Art has historically been treated as a realm of imagination, innovation, or utopian promise apart from the workaday world. But art today also mirrors the growing inequality in our society. Few other fields exhibit such striking contrasts of wealth and increasing want. Although those who produce, maintain, educate, and run the art world often work in close proximity to extreme wealth, the riches, glamour, and record-breaking auction prices reported in the media disguise the realities they face.
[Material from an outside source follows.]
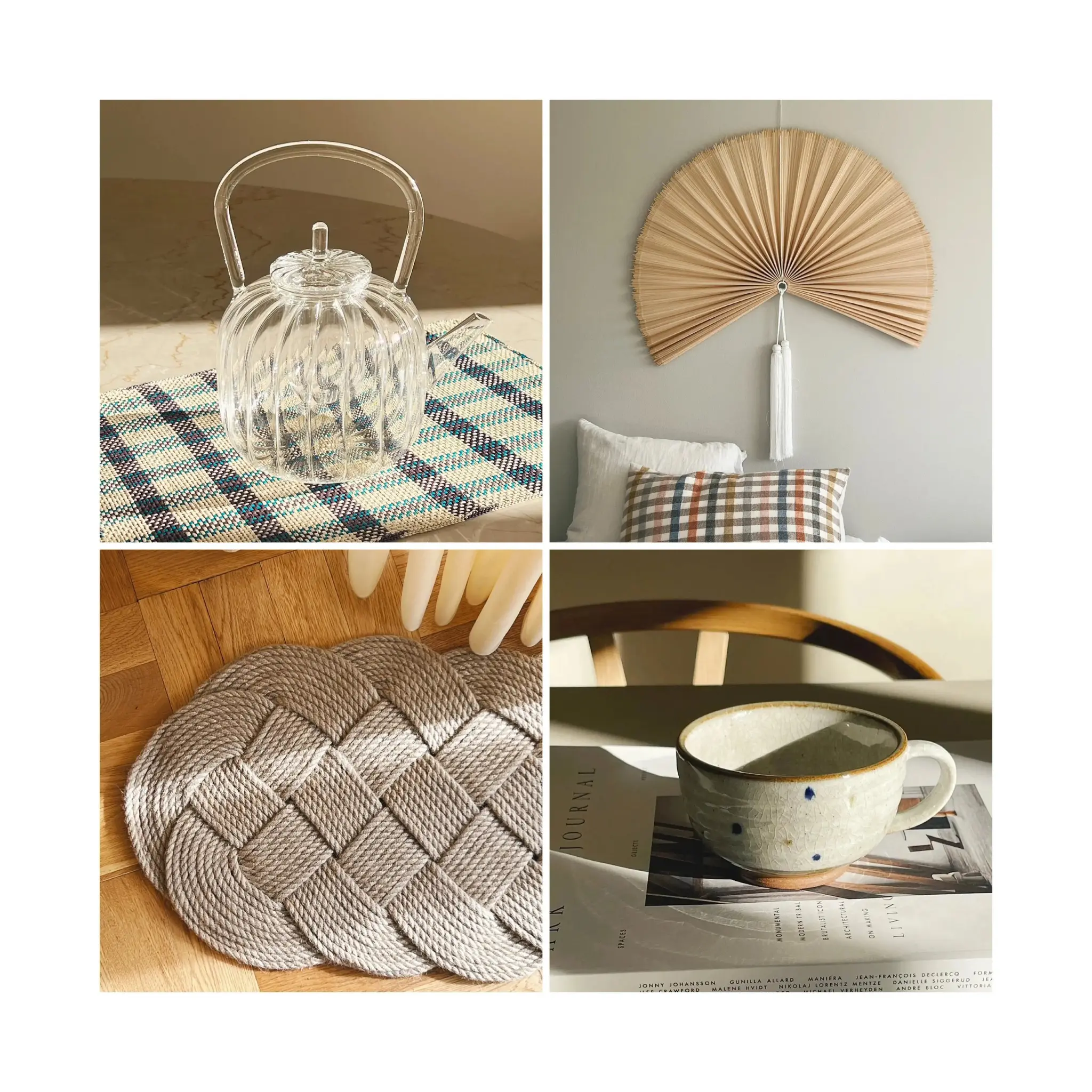 Adventspakke 4 – Måtte, Tekande, Vifte og Krus Studio Hafnia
Like many workers today—especially freelance, adjunct, and temporary ones—those who work in the arts face cuts to or already live without healthcare, childcare, job security, unemployment benefits, pensions, or retirement plans. The situation gets all the more grim when the rationale of austerity threatens limited existing social services with further cuts. Many cultural workers are one ambulance ride away from financial ruin. This vulnerability links what has been labeled the “creative class” with all other workers, students, and the unemployed: the 99% excluded from the growing concentration of wealth.

In the field of contemporary art alone, to become an artist in the neoliberal system of galleries, museums, art fairs, and biennials, artists increasingly feel obligated to obtain an expensive education that puts them in debt—sometimes well over $100,000. And this debt, which mirrors the larger student debt crisis in this country, is particularly insidious because it is incurred to gain accreditation in a field that still includes a high degree of risk with slim chances of sustainable returns.
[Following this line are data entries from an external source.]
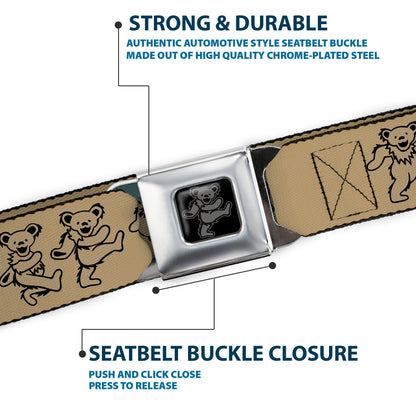 Grateful Dead Dancing Bears Seatbelt Belt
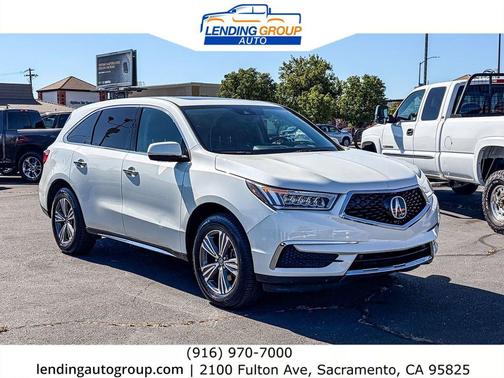 White Diamond Pearl 2019 Acura MDX 3.5L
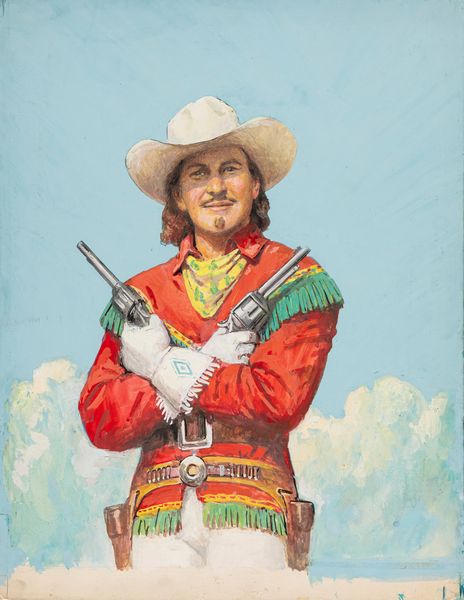 Septimus Edwin Scott : Buffalo Bill  - Asta Fumetti: Tavole e Illustrazioni Originali - Associazione Nazionale - Case d'Asta italiane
Although artists were once able to live and work in affordable enclaves, the burgeoning size of the art world now plays a role in profound changes to our cities. Several decades ago, the real estate industry saw how the “improvements” artists made to low income and minority neighborhoods could pave the way for development, making these neighborhoods appealing to higher-income transplants who eventually priced out artists and the original inhabitants. These practices privilege speculative investment over affordable housing and have contributed to the current housing crisis, marked by widespread foreclosures.

With contemporary art treated in many precincts as a luxury commodity or high-end form of entertainment, cities around the world rushed to build a Museum of Contemporary Art, designed by a well-known architect. Despite their aims to boost local economies, these efforts often furthered the cycle of development and displacement. These institutions also became increasingly more indebted to corporate sponsors and wealthy trustees—the 1% who have benefited most by the rise of finance capital, rampant deregulation, and the powerful real estate industry.
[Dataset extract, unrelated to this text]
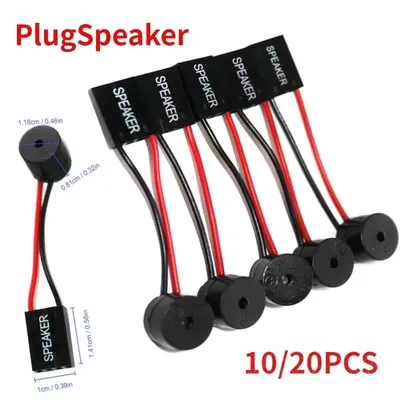 10/20 Stück Mini-Stecker Lautsprecher Miniatur-Lautsprecher-Kit für PC BIOS & Motherboard Image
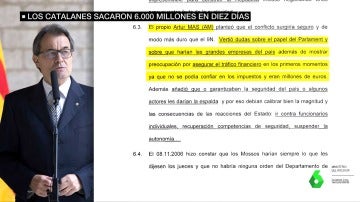 Artur Mas con anotaciones de la agenda de Jové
As a new collector class rose in the ‘80s and ‘90s, pumping money into the art market, public institutions like museums were increasingly defunded, forcing them to rely on tax-free private donations. As public coffers are drained and institutions get mortgaged to private interests, the question arises, Whom does this benefit? And at what cost?

Joining with others on May 1 and reiterating the concerns raised by the Occupy movement last fall, we call for reducing student debt and for greater transparency and equitable practices in our institutions. As part of a larger struggle to protect the rights of workers, we call for an end to the exploitative use of interns, which allows institutions to profit from uncompensated labor and ensures only those with independent financial means can work in the arts. We call for city administrations to stop rezoning plans that profit the real estate industry and eradiate affordable housing. And we demand our government and industries fund public institutions and services rather than continuing to cater to the wealthiest in our society.

On May 1, we ask those who work in the arts to assemble with all others to work toward greater equality and to create sustainable ways of living on this planet. Let us free art from the vagaries of financial speculation and privatization and restore its promise of a better world. By sharing its power to enrich all of our lives, let us make it part of our struggle to reclaim the commons.